Marzo è il mese tradizionalmente dedicato alla donna. Dopo l’8 marzo, Giornata Internazionale della Donna, l’attenzione resta alta sui temi della salute, dell’equilibrio psicofisico e del benessere femminile; anche CavaSport presta molta attenzione sull’agomento.

Tra gli strumenti più efficaci per prendersi cura di sé, la scienza continua a indicare l’attività fisica come uno dei pilastri fondamentali.

Negli ultimi anni la ricerca scientifica ha evidenziato con sempre maggiore chiarezza l’impatto positivo dell’attività fisica sulla salute femminile. Secondo l’World Health Organization, almeno 150 minuti di attività fisica moderata a settimana riducono significativamente il rischio di malattie cardiovascolari, che rappresentano ancora oggi una delle principali cause di mortalità tra le donne.

Uno studio pubblicato sul British Journal of Sports Medicine ha evidenziato che le donne che praticano attività aerobica regolare – come corsa, ciclismo o camminata veloce – riducono fino al 30% il rischio di sviluppare malattie cardiache rispetto a chi conduce uno stile di vita sedentario.

L’esercizio fisico ha effetti importanti anche sul metabolismo e sulla prevenzione di alcune patologie oncologiche.
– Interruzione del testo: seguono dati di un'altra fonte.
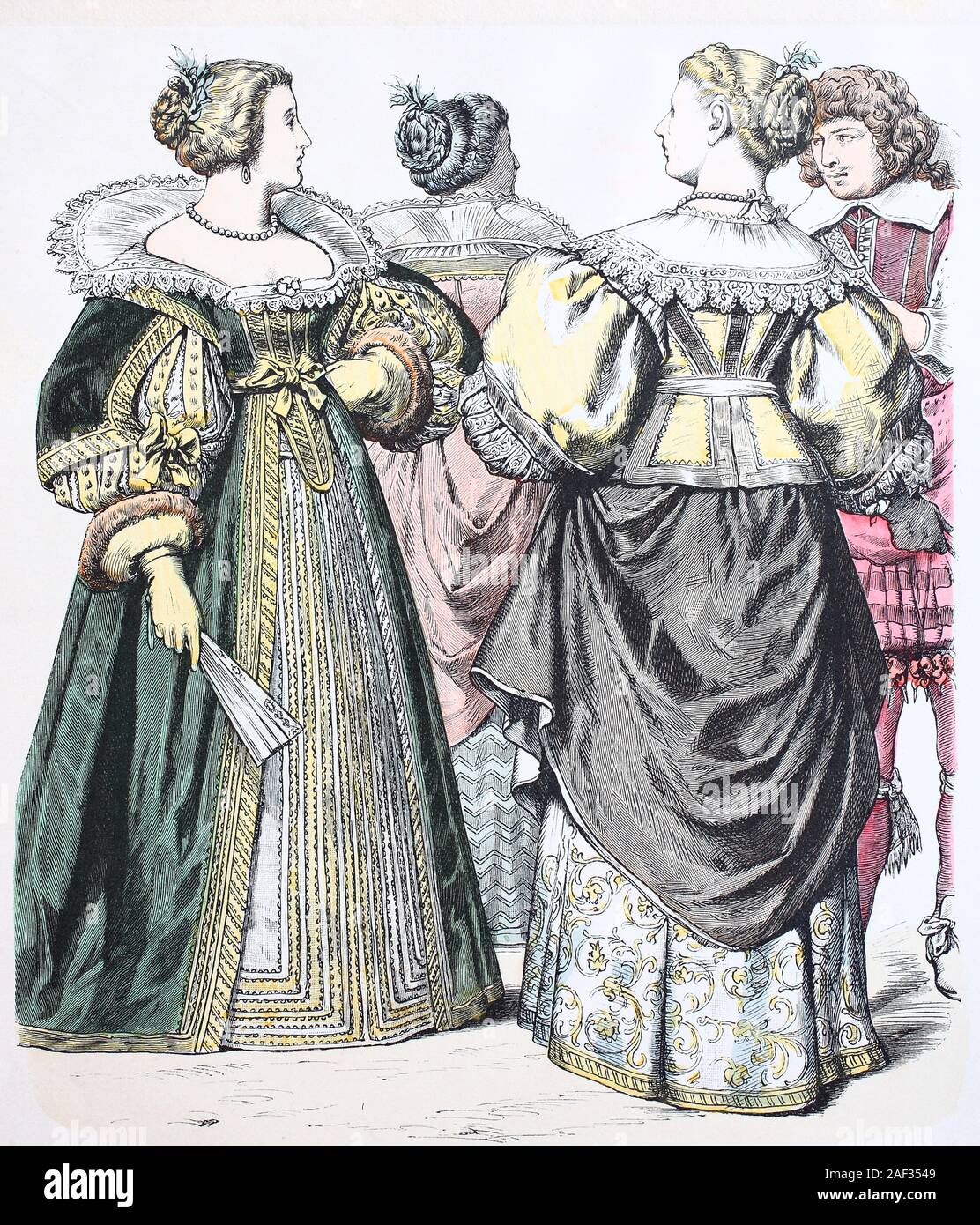 National costume, clothes, history of the costumes, noblewomen, France, in  1650, Volkstracht, Kleidung, Geschichte der Kostüme, Edelfrauen,  Frankreich, 1650 Stock Photo - Alamy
Secondo l’American Cancer Society, mantenere uno stile di vita attivo può contribuire a ridurre il rischio di tumore al seno e all’endometrio. L’attività fisica, infatti, aiuta a regolare i livelli di estrogeni e a migliorare la sensibilità insulinica, due fattori strettamente legati alla prevenzione.

Un altro ambito in cui lo sport gioca un ruolo fondamentale è la salute delle ossa. La International Osteoporosis Foundation sottolinea come gli esercizi di forza e resistenza come allenamenti con pesi o esercizi a carico naturale, contribuiscano a mantenere la densità ossea, riducendo il rischio di osteoporosi, patologia che colpisce soprattutto le donne dopo la menopausa.

Accanto ai benefici fisici, la scienza conferma anche l’impatto positivo dell’attività sportiva sulla salute mentale. Una ricerca pubblicata su The Lancet Psychiatry ha dimostrato che le persone che svolgono attività fisica regolare riportano in media fino al 43% di giorni in meno di cattivo stato mentale rispetto a chi non pratica sport.

Per molte donne lo sport rappresenta quindi non solo un mezzo per migliorare la forma fisica, ma anche uno strumento di equilibrio psicologico, gestione dello stress e rafforzamento dell’autostima.

In occasione della Festa della Donna, di recente celebrata, il messaggio che arriva dal mondo scientifico alla comunità, è chiaro: investire sul movimento significa investire sulla salute e sulla qualità della vita.